For 2024, the chosen theme for the Dr Gavin Wallace Fellowship is “Heritage”.
This should be interpreted not only as an opportunity to look back and reexamine history, memory and the relationship between place and identity but also as a way of exploring potential legacies of the present moment.
This theme connects with the University’s research and outreach work on the historical heritage of Central Scotland and our own cultural identity as a relatively recent institution (founded in 1967) set against the histories of Stirling itself, as represented by Stirling Castle, the Wallace Monument, and Stirling Old Bridge.
The Division of Literature and Languages has long facilitated conversations about the creative flexibilities of place and commemoration in such an historic environment, and this Fellowship comes at a point when we are closely collaborating on the ‘Stirling 900’ project, with Stirling Council, to mark nine centuries since Stirling became a Burgh. This milestone is contested by strict historians, but has an irresistible imaginative appeal.
We will work with the chosen Fellow to plan a year of activity which helps them achieve their goals and take their work to the next level, offering a bespoke package of support and development opportunities which align with their needs and goals. Included within this could be events hosted by the Centre for Environment, Heritage and Policy, as well as engagement with our MLitt in Creative Writing Programme, and with other writing fellows on campus, including the Charles Wallace Indian Writing Fellow and the Royal Literary Fund Fellow.
Whilst we are keen that the chosen writer engages with literary heritage it should be noted that this is not an academic position and that we are keen to receive applications from those unfamiliar with or inexperienced within a University context. To help the Fellow find their own sense of ‘place’ at Stirling, the resources of our Accessibility and Inclusion Team will be available.

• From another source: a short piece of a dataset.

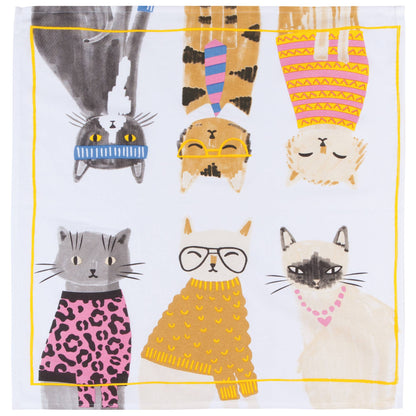 Set of 2 Feline Floursack dish towels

As well as possible engagement with the ‘Stirling 900’ events mentioned above, the chosen writer will be offered the opportunity to host a public event during their time with us, hand-print a commemorative page on our historic 19th Century Columbian Press, and foster links with the cohorts of both Undergraduate and Postgraduate Creative Writing students they will be sharing a campus with over the course of the year.